Brief:
Which lines run from the line with "Karaliaus Mindaugo Tiltas to ITTC map" to the end of the entries? Write out exactly those, leaving out the pictures.

============

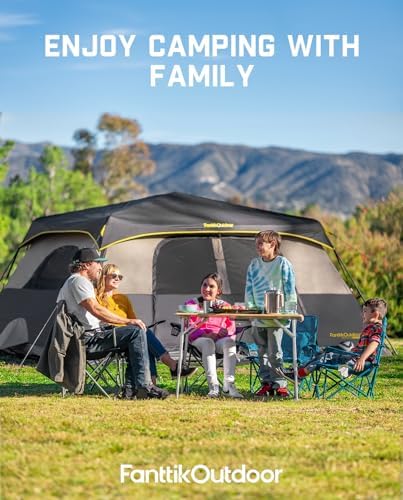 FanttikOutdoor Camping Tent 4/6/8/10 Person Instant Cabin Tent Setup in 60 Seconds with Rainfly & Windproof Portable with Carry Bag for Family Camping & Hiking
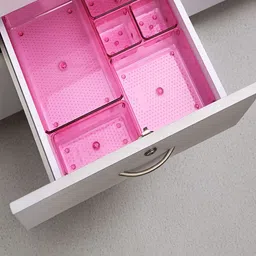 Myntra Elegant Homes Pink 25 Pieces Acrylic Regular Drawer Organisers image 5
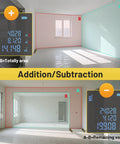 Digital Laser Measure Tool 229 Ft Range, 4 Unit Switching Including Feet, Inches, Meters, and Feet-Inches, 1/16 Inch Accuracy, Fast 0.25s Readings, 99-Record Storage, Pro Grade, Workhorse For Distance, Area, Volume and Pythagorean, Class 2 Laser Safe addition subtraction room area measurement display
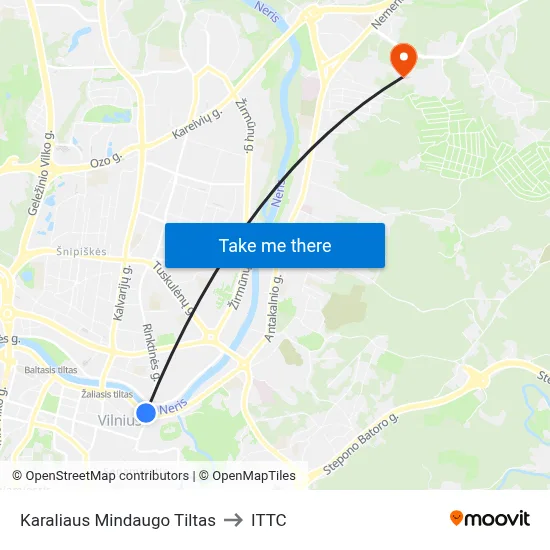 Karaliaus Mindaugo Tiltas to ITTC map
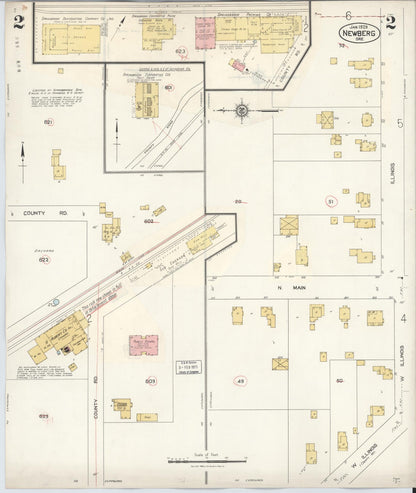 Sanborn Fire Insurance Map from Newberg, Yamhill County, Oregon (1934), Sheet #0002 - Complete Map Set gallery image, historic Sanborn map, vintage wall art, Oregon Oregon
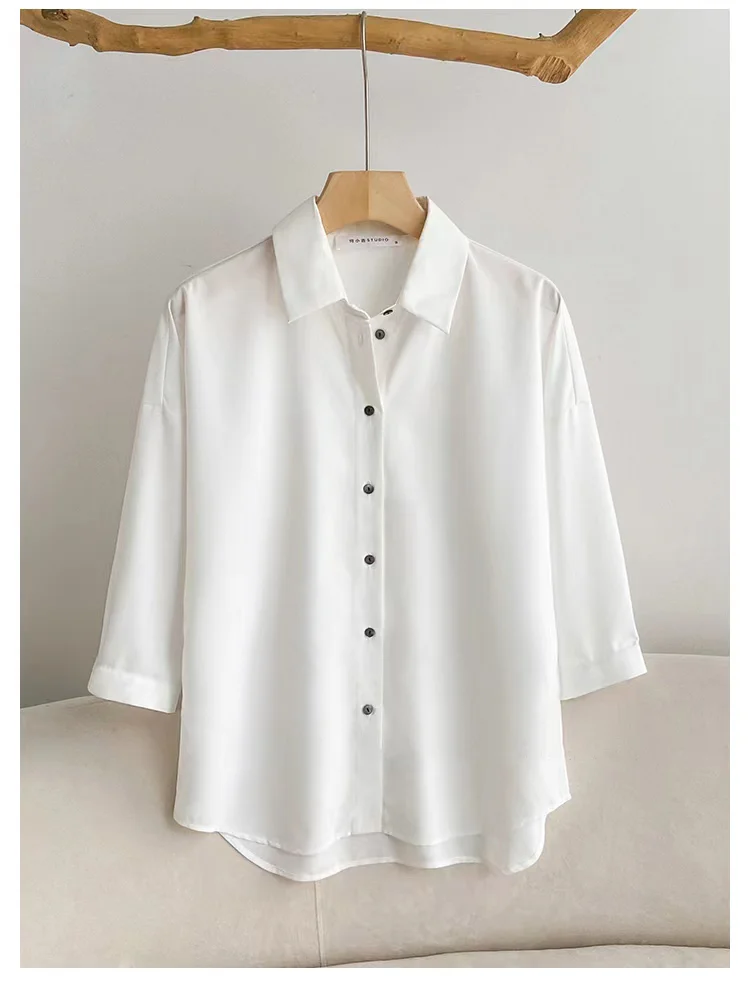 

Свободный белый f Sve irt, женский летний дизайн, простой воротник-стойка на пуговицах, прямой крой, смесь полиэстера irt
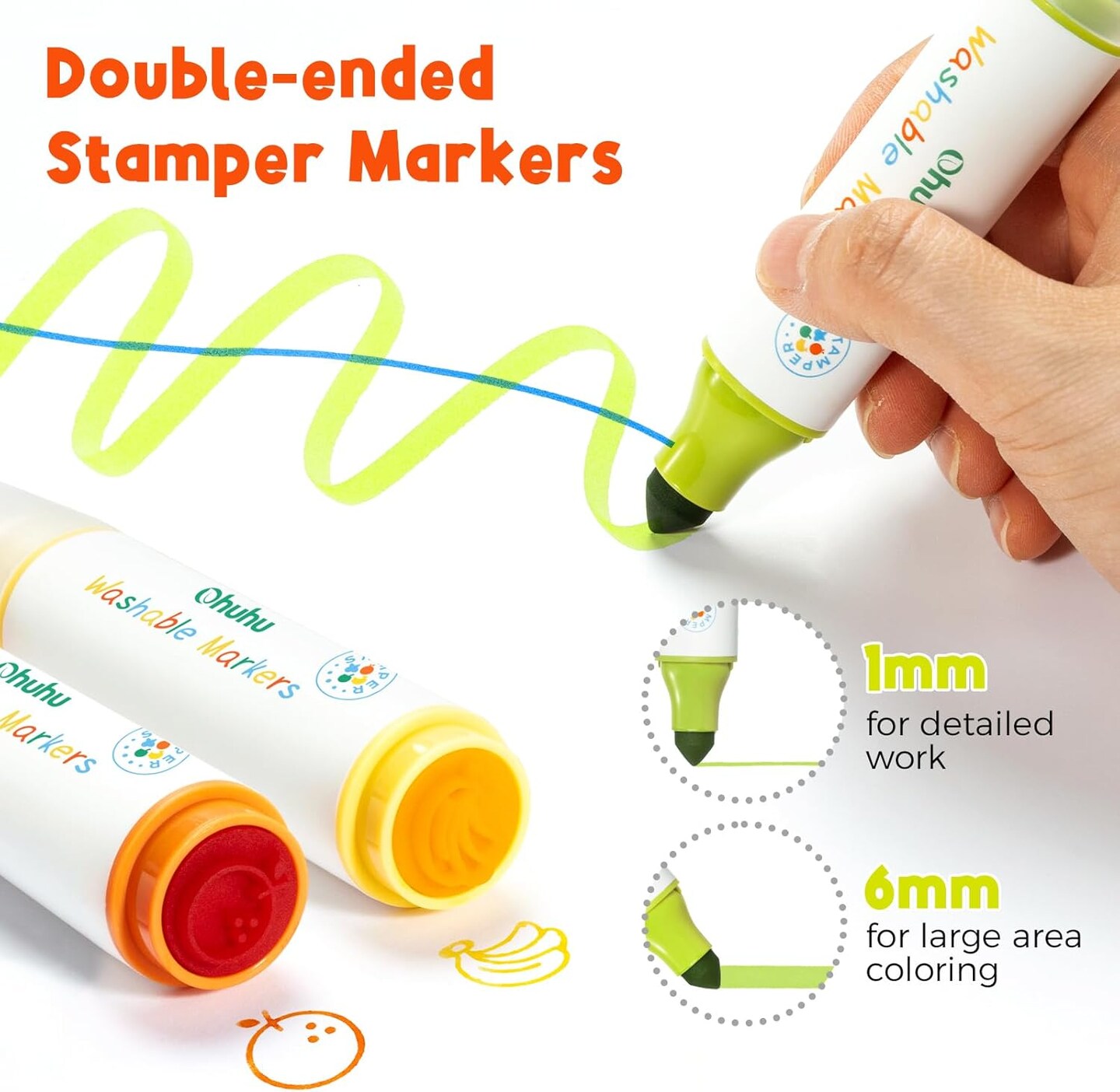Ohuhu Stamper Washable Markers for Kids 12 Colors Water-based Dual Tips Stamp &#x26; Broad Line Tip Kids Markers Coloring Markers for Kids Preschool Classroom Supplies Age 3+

============

Solution to this task:
 Karaliaus Mindaugo Tiltas to ITTC map
 Sanborn Fire Insurance Map from Newberg, Yamhill County, Oregon (1934), Sheet #0002 - Complete Map Set gallery image, historic Sanborn map, vintage wall art, Oregon Oregon

Свободный белый f Sve irt, женский летний дизайн, простой воротник-стойка на пуговицах, прямой крой, смесь полиэстера irt
Ohuhu Stamper Washable Markers for Kids 12 Colors Water-based Dual Tips Stamp &#x26; Broad Line Tip Kids Markers Coloring Markers for Kids Preschool Classroom Supplies Age 3+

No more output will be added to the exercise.